The fight is over how to widen Route 1 near Fort Belvoir: by paving over part of a historic plantation that was once part of George Washington’s estate, or by building a bypass through beloved horse stables.
But before the federal government could make its decision, Woodlawn Stables’ landlord announced Friday that it would not renew the stables’ lease, meaning that the business will be forced to close by 2016 regardless of where the highway is widened.
The decision is the latest bad news for the stables, which have operated in Mount Vernon under various owners for more than 40 years. It comes after a months-long debate over where to widen the traffic-clogged highway, one that also matched the stables against their landlord, the nonprofit National Trust for Historic Preservation.
“It’s a shame,” said Del. Scott A. Surovell (D-Mount Vernon), who represents the area. “I don’t think this is what the community there wanted.”
“We’re blindsided,” said Shelley Castle, of the group Save Woodlawn Stables.
Woodlawn’s attorney said the business could have to shut much sooner than 2016, given that construction on Route 1 is slated to begin next year.
Plans to widen the highway in southeast Fairfax have been on the table for decades, but they took on new urgency in 2005 when the Department of Defense announced that its Base Realignment and Closure plan would add thousands of jobs to Fort Belvoir, which only worsened congestion along Route 1.
Money for the project, $180 million in federal funding, was finally secured in November, and that set off the debate over where to build in an area with lots of historical significance but little open space.
One option, to widen the road along its current path between Telegraph Road and Route 235, would have required a Baptist church to exhume and move about 100 graves.
Woodlawn Plantation, once a part of George Washington’s Mount Vernon estate, would have had to give up an entire hillside.
The alternative, to build a bypass to the south, would pave over a large portion of the stables. Both the stables’ land and Woodlawn Plantation are owned by the National Trust, which advocates the bypass option.
Despite intense opposition from the stables’ supporters, it has become clear in recent weeks that the Federal Highway Administration will almost certainly choose the bypass, although no formal decision has been announced.
The stables’ owner, Cindy Mitchell, couldn’t be reached Friday to comment. She has said that she’s looked for a new location but hasn’t found one.
Despite efforts by the FHA to rework the bypass option to allow the stables to continue operating, David Fiske, Mitchell’s attorney, said that staying open during and after construction would be “very difficult.”
Mitchell took over the stables with her mother, who recently died, in the early 1990s.

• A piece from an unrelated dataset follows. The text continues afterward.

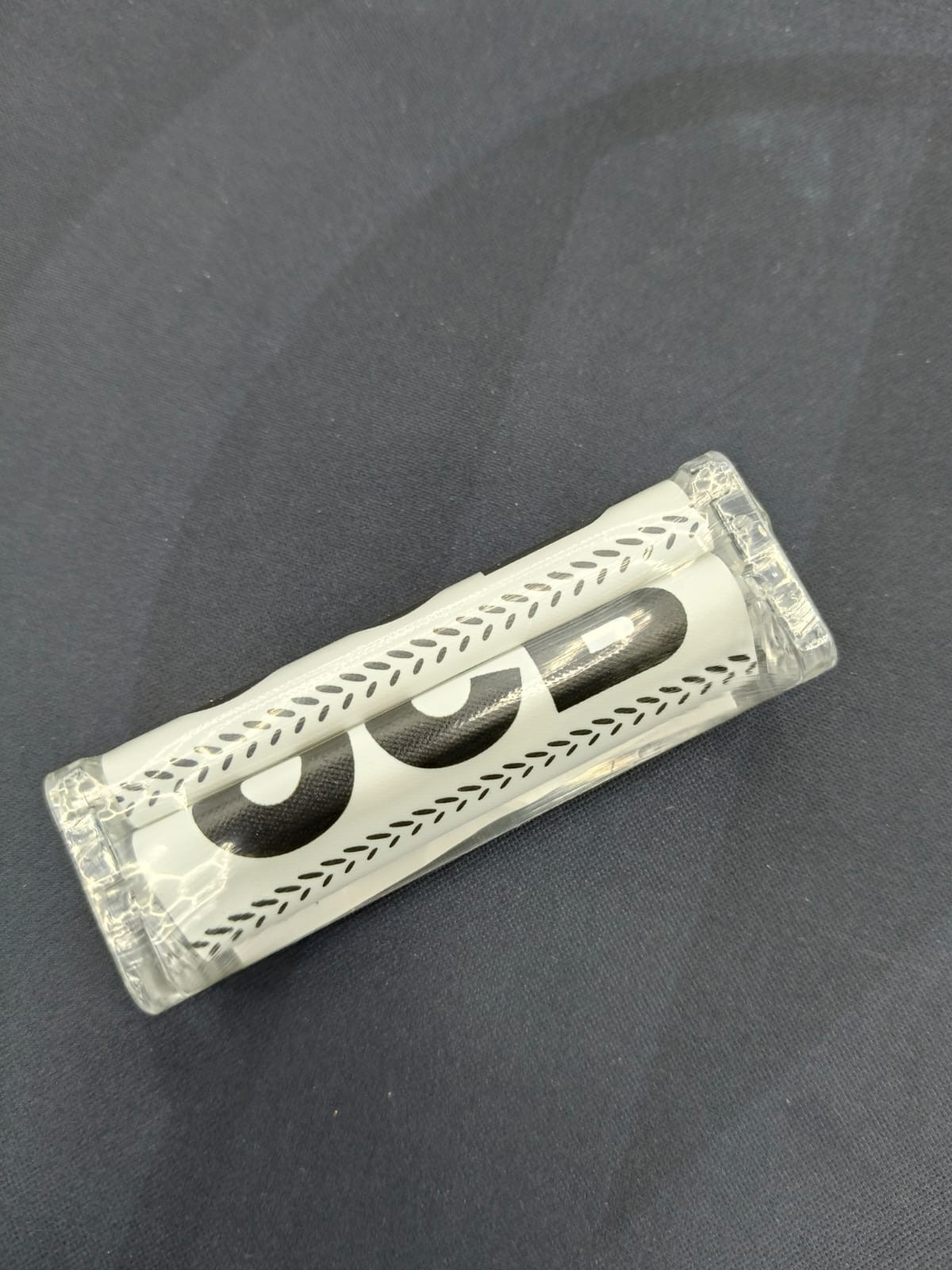 ROLLERS SMALL OCB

The business has about 30 employees and offers boarding and riding lessons.
Officials with the National Trust said they made the decision so early because the stables had been asking them to. Although the 55-acre parcel would be affected by a bypass, it still could be used by another tenant. The National Trust said it chose not to renew the stables’ lease because it didn’t want to commit to an option without considering others that might generate more money.
“The lease is not sustainable and extending it would not be a prudent business decision,” the National Trust’s executive vice president, David Brown, said in a statement.
“Once the effects of the highway project on Woodlawn are better understood, the National Trust will consider all options for the property, including proposals from public or private parties.”